Cultura

Julian Zhara, è nato un poeta

La nascita di un poeta commuove sempre. La sua investitura ufficiale, piuttosto. Julian Zhara, giovane poeta destinatario della lingua degli antenati, nato a Durazzo. Con il suo Vera deve morire, per Interlinea, nella collana curata da Franco Buffoni, si guadagna il merito di rompere la metrica, l’assedio dell’endecasillabo, il confine rigido dove il suo idioma, l’albanese – della memoria e dell’inconscio – incontra  la lingua della nuova vita, del letterato veneziano, della quotidianità, del nuovo tempo.

Le sue intuizioni sono bilingue, folgoranti, impregnate di nostalgia. Così è in questo evocativo e tragico “Vera deve morire”, dove si consuma l’amore nell’impossibilità di realizzarlo, il soggetto terzo, tra due corpi che rifuggono o rifulgono. Il poema si suddivide in quadri, che Julian chiama canti. Noi dovremmo vedere Vera, la sua bocca agitare sillabe, muoversi in differita, sparire come nei sogni, in dissolvenza, come in certi film, il frame sbagliato. Julian realizza il suo cortometraggio utilizzando il verso libero, ispirato ai grandi cineasta, come Wong Kar Wai (in The mood for love, nda).

La poesia contemporanea non ha un’etichetta, è anarchica,  Julian lo sperimenta, suggestionato dal potere della tradizione orale, dalla contaminazione musicale, da quel che definisce “spoken music”. La musica.

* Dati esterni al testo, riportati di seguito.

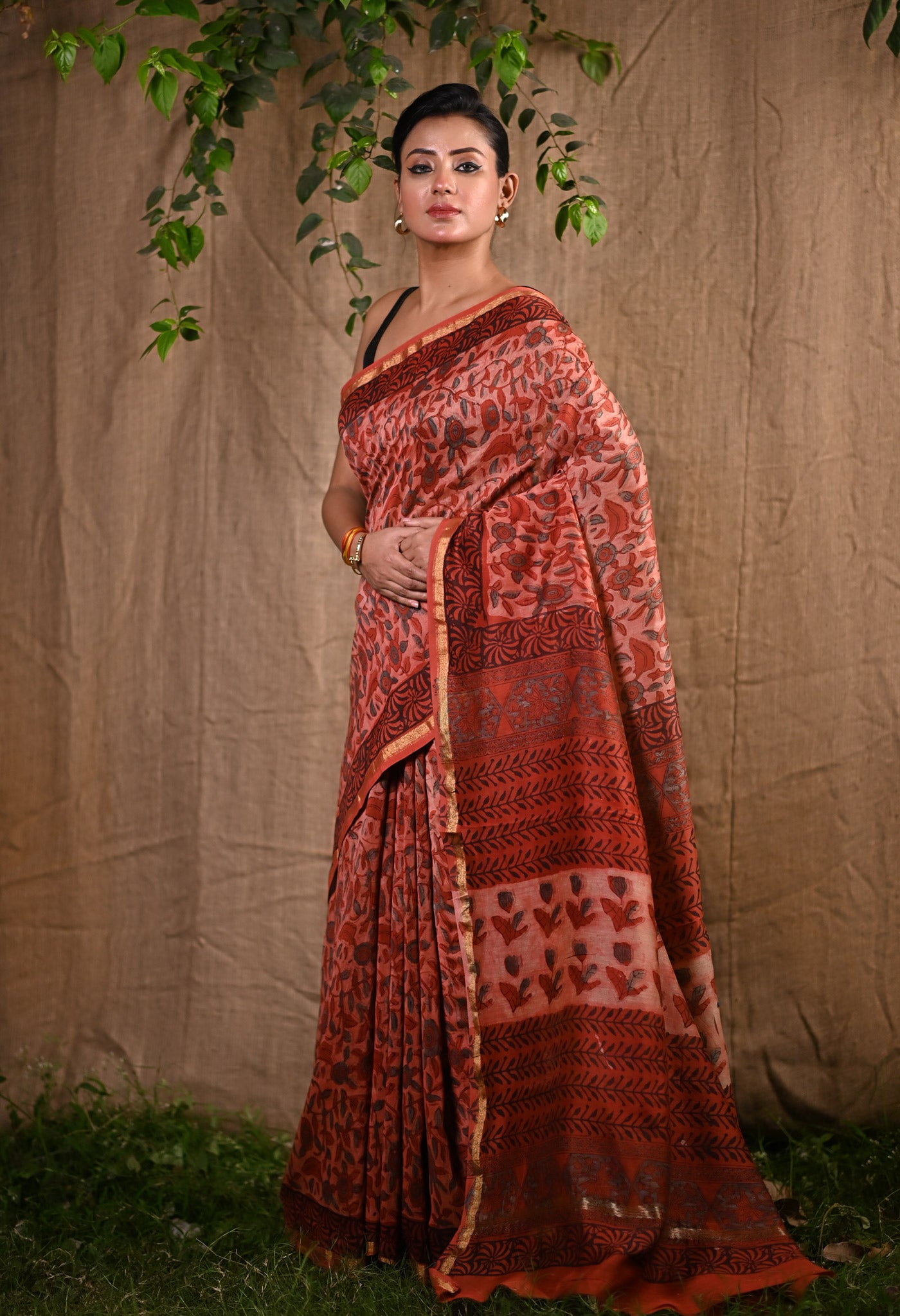 Orange Pure Vanaspathi Block Printed Chanderi Sico Saree-UNM81717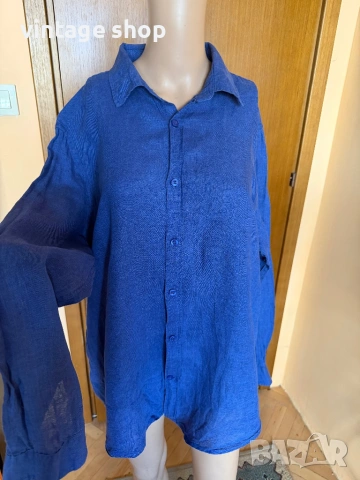 Тъмносиня ленена мъжка риза Richmond, размер , снимка 2 - Ризи - 54126686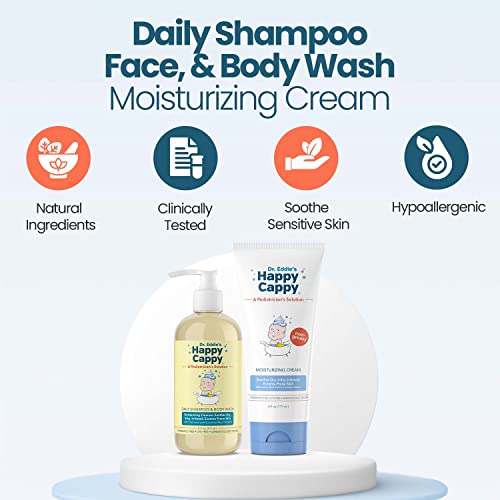 Image of Happy Cappy Baby Shampoo, Body Wash, & Moisturizing Cream Bundle | Eczema Body Wash and Lotion for Kids & Toddlers, Helps with Dryness, Reduces Itching, Dermatologist Tested, Fragrance-Free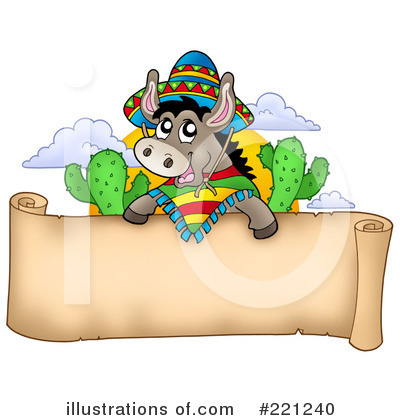 Royalty-Free (RF) Donkey Clipart Illustration by visekart - Stock Sample #221240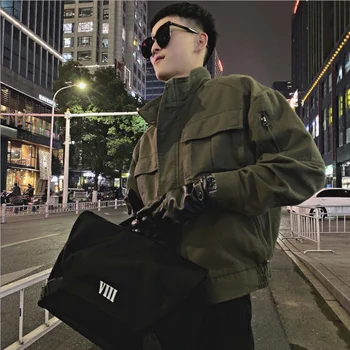  2022 M. Rudenį Korėjos Streetwear Multi-Pocket Vyrų Krovinių Jacket Mens Medvilnės Striukės Atsitiktinis Darbo Drabužiai Vyriška Striukė Jaqueta Masculina
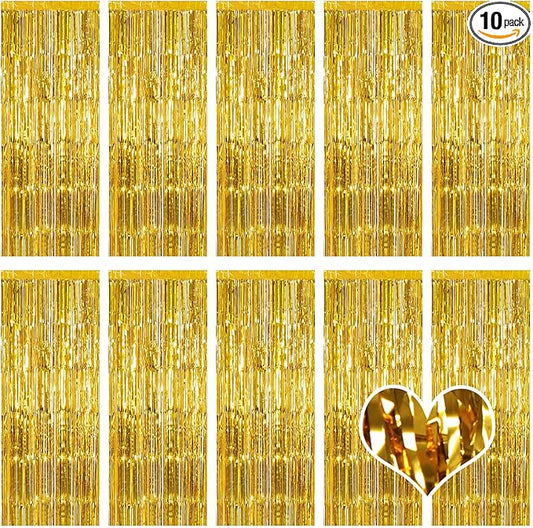 10 Pack Gold Backdrop Curtain 3.2ft x 8.2ft Metallic Tinsel Foil Fringe Curtains Photo Booth Background for Birthday Party Decoration Baby Shower Engagement Wedding Christmas Decoration (Gold)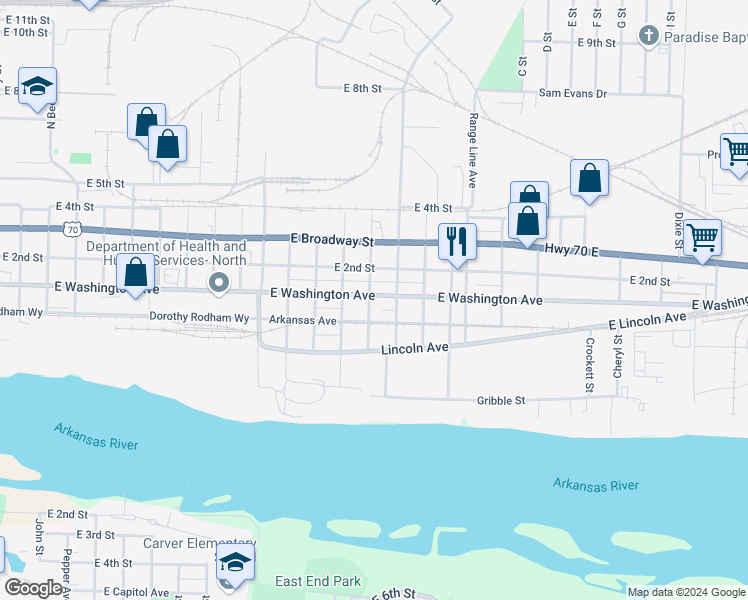 map of restaurants, bars, coffee shops, grocery stores, and more near 2502 East Washington Avenue in North Little Rock
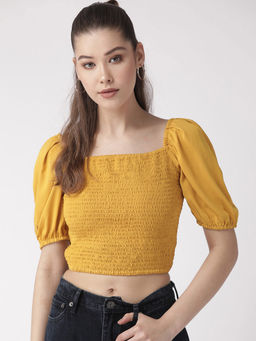 Twenty Dresses by Nykaa Fashion - Mustard Snuggle Me In Crop Top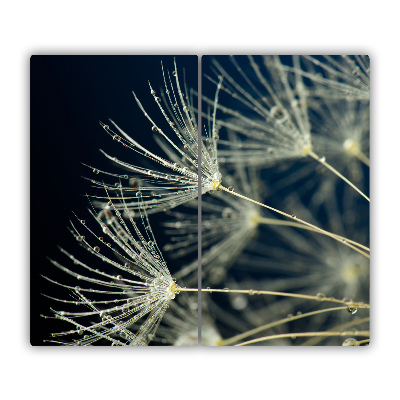 Glas Herdabdeckplatte Pusteblume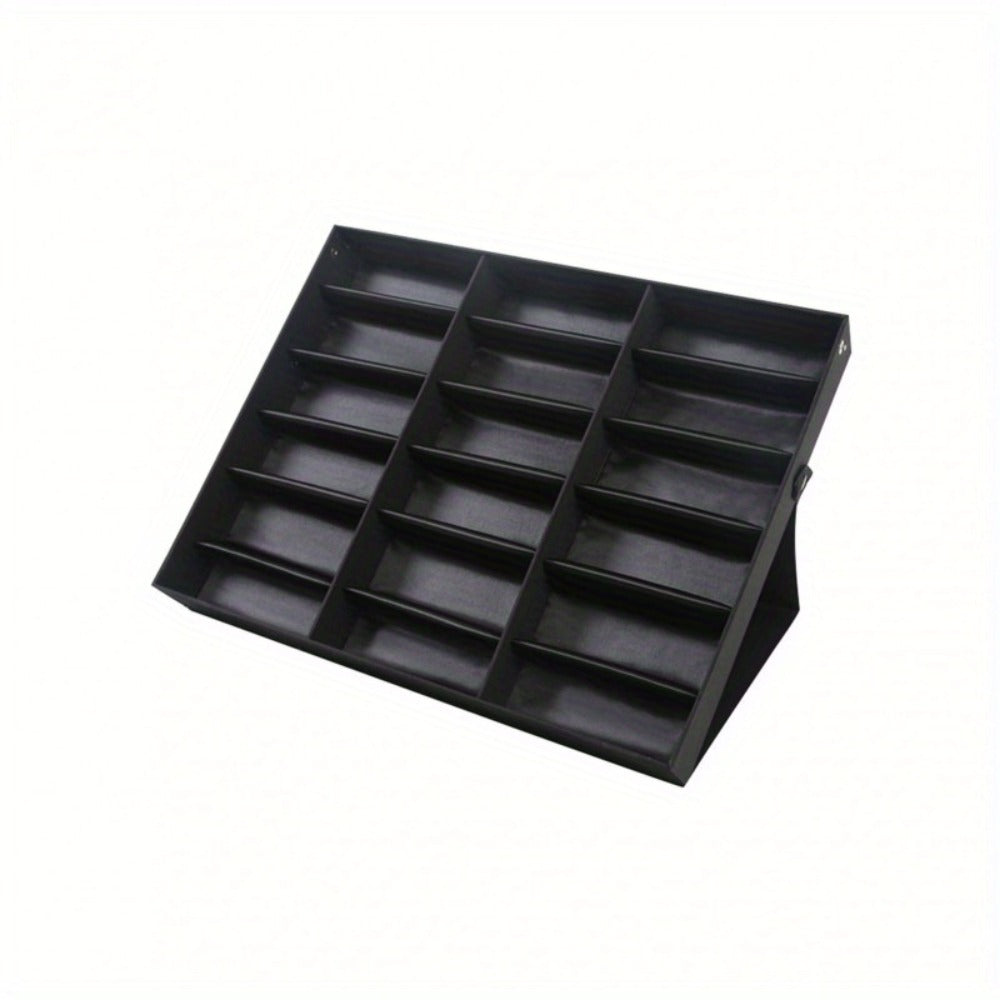 Eyeglass Organizer Box 18 Grid - Velvet Sunglasses Display Case with Foldable Cover, Scratch-Proof Storage for Glasses & Jewelry, Black or White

La musica la conserva nel suo verso severo in tutta la sua memoria e insieme libero. La memoria del verso spesso balbetta, affiora tentennando, ossequiosa, dolente, discreta, la lingua della sua terra. L’Albania. “L’albanesità” di Julian lo rende estraneo al già sentito. Sarà che la sua figura di bambino sopra un covone di fieno ci compenetra oltremodo, nell’aria il tumulto e il sentore della polvere da sparo. Il suo sguardo lanciato oltre le colline. Ci par di udire il sibilo di un kalashnikov.

Siamo fatti dei luoghi da cui fuggiamo. Noi dovremmo sorprendere Vera, l’oggetto dell’amore. E invece vediamo Julian. La sua nostalgia, le sue “pupille spossate” dove finiscono le cose.  “(…) dove finiscono palpebre le cose si addensano/(…)e tutte le cose si annidano dentro le palpebre, giusto per prendere fiato e ridare agli occhi il tempo di estrarre la scorza dai nomi/”. L’amore è il mood ossessivo. L’amore è la considerazione dell’assenza. Non c’è una sola ossessione da coltivare. Julian scrive: “Vera, un racconto del maudit Villiers de L’Isle Adam, che mi ossessiona dall’adolescenza”.

Eppure ogni volta, ad ogni verso, torniamo al medesimo vuoto, lo spazio non occupato, la memoria in tensione, il luogo da cui fugge il poeta, le sue pupille spossate, gettate oltre la collina o su un campo veneziano, su una tratta ferroviaria, la fronte sul vetro sporco, i capannoni industriali, la nuova vita. La lingua dei nonni che sale simile all’onda tumultuosa e indefinibile che si perde nei sogni fino a diventare incubo.

C’è abbastanza per dire e confermare la nascita di un poeta, che ci commuove sempre.